Accepted and agreed:
FLEET NATIONAL BANK

By: /s/ Catherine Bruton
    ------------------------
    Name:  Catherine Bruton
           ----------------
    Title:  VP
           ----------------



Accepted and agreed as
  Subordinated Lender:
MASSACHUSETTS TECHNOLOGY
  DEVELOPMENT CORP.

By: /s/ Robert J. Creeden
   --------------------------
   Name:  Robert J. Creeden
          ------------------
   Title: Vice President
          ------------------

                                      -14-
   15
                                                                     EXHIBIT 1.4

                                 PROMISSORY NOTE

$1,000,000.00                                           Boston, Massachusetts
                                                        September 26, 1996
                                                        

         FOR VALUE RECEIVED, the undersigned Voicetek Corporation, a
Massachusetts corporation (the "Borrower") hereby promises to pay to the order
of FLEET NATIONAL BANK (the "Bank") the principal amount of One Million and 
00/100 ($ 1,000,000.00) Dollars or such portion thereof as maybe advanced by the
Bank pursuant to Section 1.4 of the below described Letter Agreement and remains
outstanding from time to time thereunder ("Principal"), with interest, at the
rate hereinafter set forth, on the daily balance of all unpaid Principal, from
the date hereof until payment in full of all Principal and interest hereunder.
As used herein, "Letter Agreement" means that certain letter agreement dated
September 21, 1994, as amended, between the Borrower and Fleet Bank of
Massachusetts, N.A., the Bank having succeeded to the rights of Fleet Bank of
Massachusetts, N.A. thereunder.

         Interest on all unpaid Principal shall be due and payable monthly in
arrears, on the first day of each month commencing on the first such date after
the advance of any Principal and continuing on the first day of each month
thereafter and on the date of payment of this note in full, at a fluctuating
rate per annum (computed on the basis of a year of three hundred sixty (360)
days for the actual number of days elapsed) which shall at all times be equal to
the sum of (i) one (1.0%) percent per annum plus (ii) the Prime Rate, as in
effect from time to time (but in no event in excess of the maximum rate
permitted by then applicable law). A change in the aforesaid rate of interest
will become effective on the same day on which any change in the Prime Rate is
effective. Overdue principal shall bear interest at a fluctuating rate per annum
which at all times shall be equal to the sum of (i) two (2%) percent per annum
plus (ii) the per annum rate otherwise payable under this note (but in no event
in excess of the maximum rate permitted by then applicable law), compounded
monthly and payable on demand. As used herein, "Prime Rate" means that rate of
interest per annum announced by the Bank from time to time as its prime rate, it
being understood that such rate is merely a reference rate, not necessarily the
lowest, which serves as the basis upon which effective rates of interest are
calculated for obligations making reference thereto. If the entire amount of any
required Principal and/or interest is not paid within ten (10) days after the
same is due, the Borrower shall pay to the Bank a late fee equal to five percent
(5%) of the required payment, provided that such late fee shall be reduced to
three percent (3%) of any required Principal and interest that is not paid
within fifteen (15) days of the date it is due if this note is secured by a
mortgage on an owner-occupied residence of 1-4 units.
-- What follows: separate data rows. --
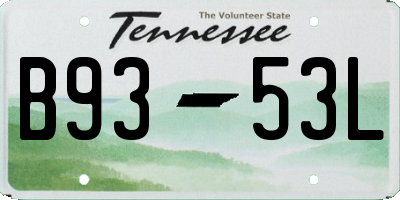 TN license plate B9353L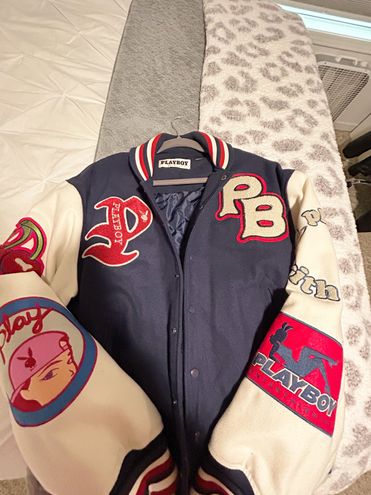 Playboy By PacSun Red '53 Letterman Bomber Jacket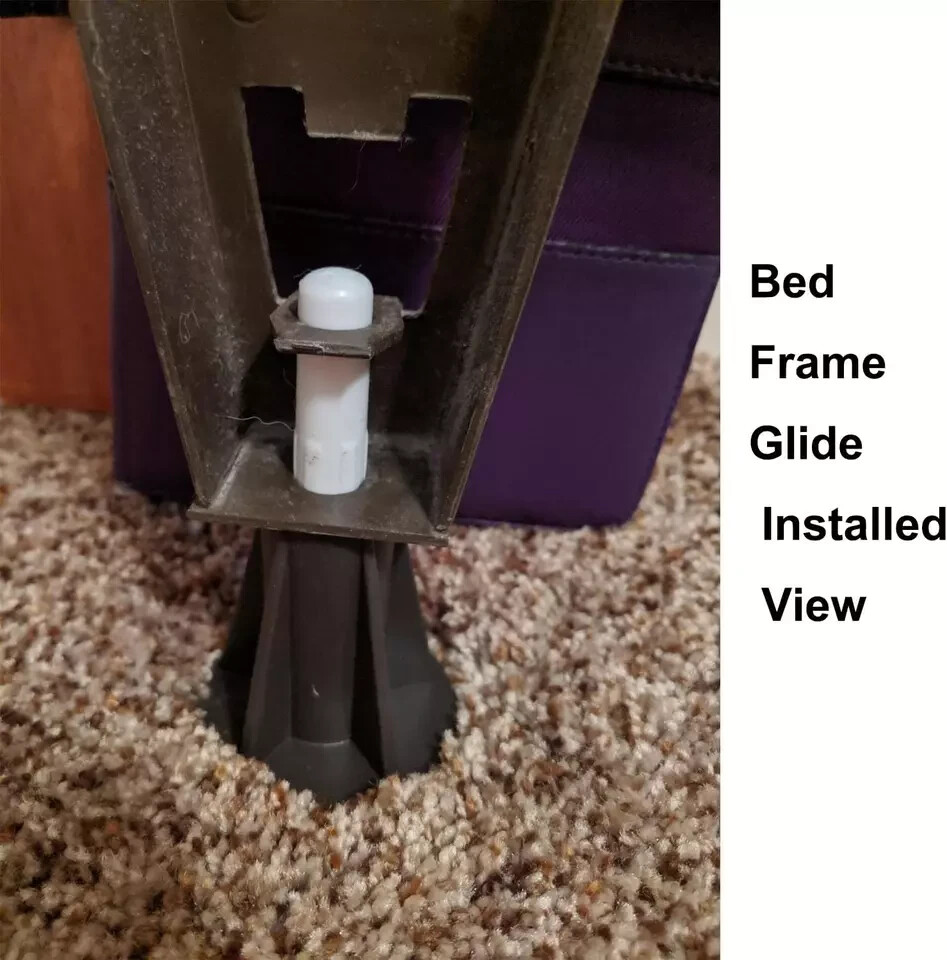 Steel Stem Bed Frame Feet Replace Wheels Prevent Sliding Plastic Inserts 4 Pack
         All advances of Principal made at any time on or prior to September 30,
1996 are hereinafter referred to as the "Tranche A Term Loans". Principal of the
Tranche A Term Loans shall be repaid by the Borrower to the Bank in 36 equal
consecutive monthly installments (each in an amount, equal to 1/36th of the
aggregate principal amount of Tranche A Term Loans outstanding at the close of
business on September 30, 1996), such installments to commence October 1, 1996
and to continue thereafter on the first day of each month through and including
September 1, 1999, on which date all then remaining Principal of the
   16
Tranche A Term Loans and all interest accrued but unpaid thereon will be due and
payable in full.

         All advances of Principal made at any time on or after October 1, 1996
and prior to January 1, 1997 are hereinafter referred to as the "Tranche B Term
Loans". Principal of the Tranche B Term Loans shall be repaid by the Borrower to
the Bank in 36 equal consecutive monthly installments (each in an amount equal
to 1/36th of the aggregate principal amount of Tranche B Term Loans outstanding
at the close of business on December 31, 1996), such installments to commence
January 1, 1997 and to continue thereafter on the first day of each month
through and including December 1, 1999, on which date all then remaining
Principal of the Tranche B Term Loans and all interest accrued but unpaid
thereon will be due and payable in full.

         All advances of Principal made at any time on or after January 1, 1997
and prior to April 1, 1997 are hereinafter referred to as the "Tranche C Term
Loans". Principal of the Tranche C Term Loans shall be repaid by the Borrower to
the Bank in 36 equal consecutive monthly installments (each in an amount equal
to 1/36th of the aggregate principal amount of Tranche C Term Loans outstanding
at the close of business on March 31, 1997), such installments to commence April
1, 1997 and to continue thereafter on the first day of each month through and
including March 1, 2000, on which date all then remaining Principal of the
Tranche C Term Loans and all interest accrued but unpaid thereon will be due and
payable in full.

         All advances of Principal made at any time on or after April 1, 1997
and prior to July 1, 1997 are hereinafter referred to as the "Tranche D Term
Loans". Principal of the Tranche D Term Loans shall be repaid by the Borrower to
the Bank in 36 equal consecutive monthly installments (each in an amount equal
to 1/36th of the aggregate principal amount of Tranche D Term Loans outstanding
at the close of business on June 30, 1997), such installments to commence July
1, 1997 and to continue thereafter on the first day of each month through and
including June 1, 2000, on which date all then remaining Principal of the
Tranche D Term Loans and all interest accrued but unpaid thereon will be due and
payable in full.

          All advances of Principal made at any time on or after July 1, 1997
are hereinafter referred to as the "Tranche E Term Loans". Principal of
the Tranche E Term Loans shall be repaid by the Borrower to the Bank in 36 equal
consecutive monthly installments (each in an amount equal to 1/36th of the
aggregate principal amount of Tranche E Term Loans outstanding at the close of
business on September 30, 1997), such installments to commence October 1, 1997
and to continue thereafter on the first day of each month through and including
September 1, 2000, on which date all then remaining Principal of the Tranche E
Term Loans and all interest accrued but unpaid thereon will be due and payable
in full.

         The Borrower may at any time and from time to time, without premium or
penalty, prepay all or any portion of the Principal; provided that each such
Principal prepayment shall be accompanied by payment of all interest on this
note accrued but unpaid to the date of


                                      -2-
   17
payment. Any partial prepayment of Principal will be applied against Principal
installments in inverse order of normal maturity.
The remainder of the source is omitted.